El cronograma elaborado contempla, además de los lugares habituales donde se recibe sangre, localidades de toda la provincia, acercando la posibilidad a una mayor cantidad de gente de donar en diferentes comunidades. La campaña correspondiente al mes de febrero comenzó el pasado 7 del corriente en Capital, en la Iglesia Universal del Reino de Dios, y continuó en el Hospital San Roque de Jáchal y en el Hospital Dr. Tomás Perón de Rodeo, en el departamento Iglesia. A medida que se agreguen otros lugares se los dará a conocer con debida antelación para que la gente concurra. Esta planificación territorial demuestra la intención de descentralizar la donación y facilitar el acceso de la población a una práctica segura y fundamental para salvar vidas.
Donar sangre es un acto voluntario que depende exclusivamente de la participación de personas sanas y comprometidas. A diferencia de otros recursos médicos, la sangre no puede fabricarse artificialmente, lo que convierte a cada donante en un eslabón esencial del sistema de salud. Una sola donación puede beneficiar hasta a tres pacientes mediante la separación en glóbulos rojos, plasma y plaquetas, ampliando el impacto de un gesto que demanda apenas unos minutos.
Las autoridades sanitarias remarcan la importancia de la donación habitual y desinteresada para mantener el abastecimiento regular en hospitales.
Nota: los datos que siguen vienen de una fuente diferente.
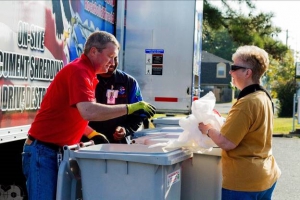 Mobile shred service organizing community shred event alternative renting industrial shredder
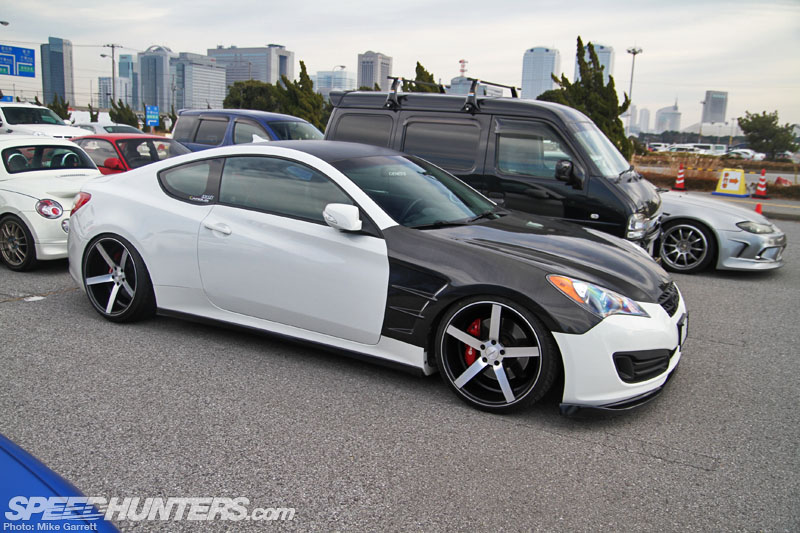 Tokyo-Auto-Salon-2013-Parking-Lot-15.jpg
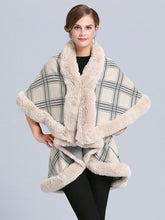 Load image into Gallery viewer, Women Poncho Wrap Faux Fur Collar Double Layer
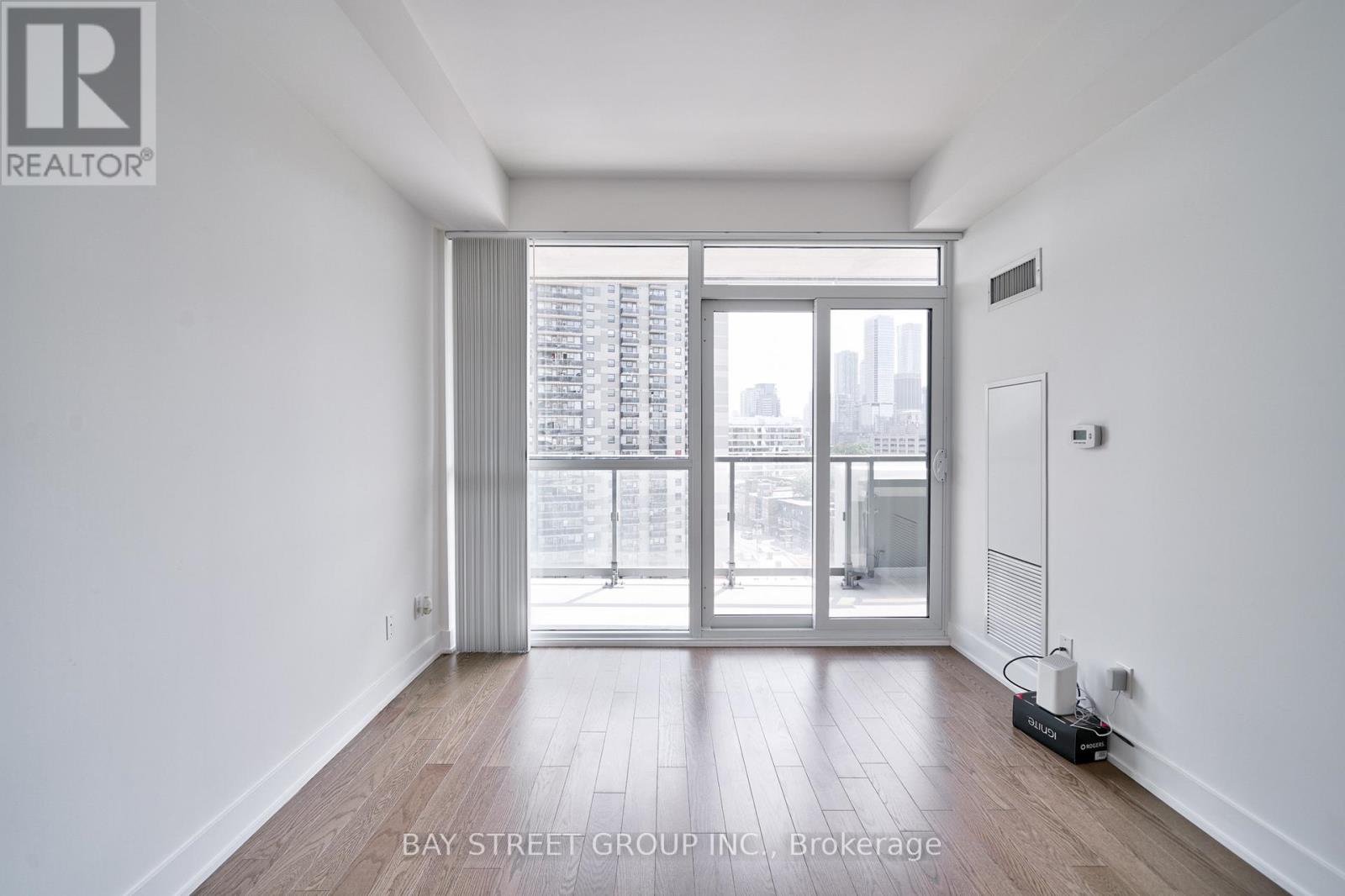 #905 181 BEDFORD ROAD - 10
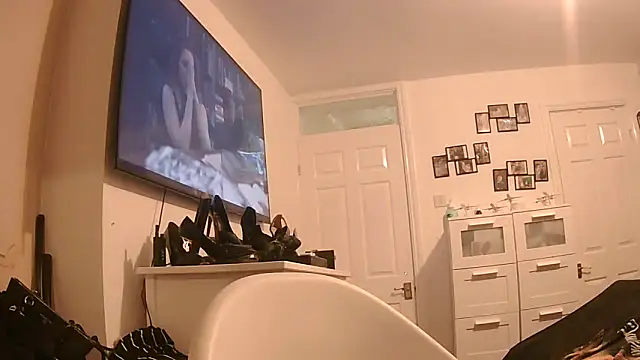 Snapshot of Biggtitz121 chatting on September 2025 07:30:02 PM Biggtitz121 online show from September 2025 07:30:02 PM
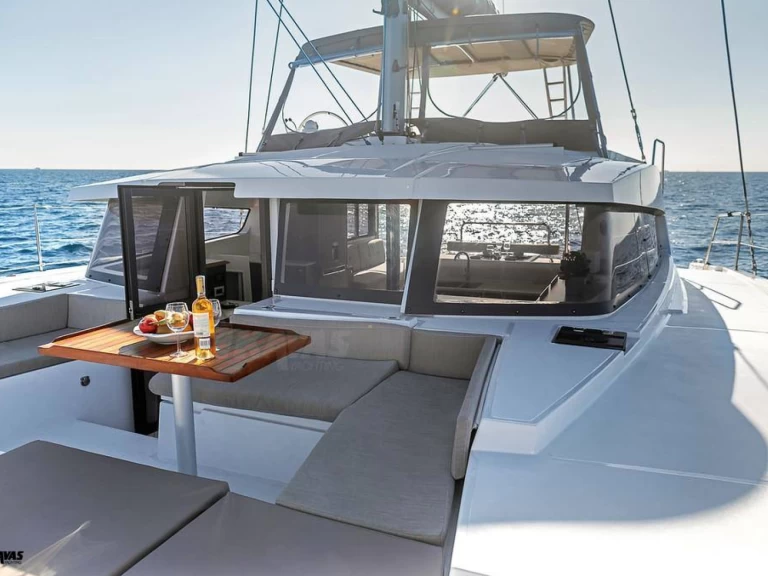 Noleggio Catamarano a Pálairos – Bali Bali 4.2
Mujeres con complicaciones obstétricas, niños con anemia grave, pacientes oncológicos, personas con traumatismos severos y quienes requieren cirugías complejas dependen de la disponibilidad inmediata de sangre segura. Asimismo, pacientes con enfermedades crónicas que precisan transfusiones periódicas o tratamientos específicos también encuentran en estas campañas una esperanza concreta.
El desafío no radica únicamente en responder a la demanda actual, sino en construir una cultura solidaria sostenida en el tiempo. La premisa de que ‘la sangre espere al paciente y no el paciente a la sangre” resume la necesidad de anticipación y compromiso comunitario. Donar no solo salva vidas: fortalece el tejido social y reafirma valores de empatía y responsabilidad colectiva.
Estas colectas representan, en definitiva, un recordatorio de que el sistema sanitario se nutre de la participación ciudadana. Un pequeño gesto individual puede traducirse en múltiples oportunidades de vida para otros. Convertir la donación en un hábito solidario es, hoy más que nunca, una causa que interpela a toda la sociedad.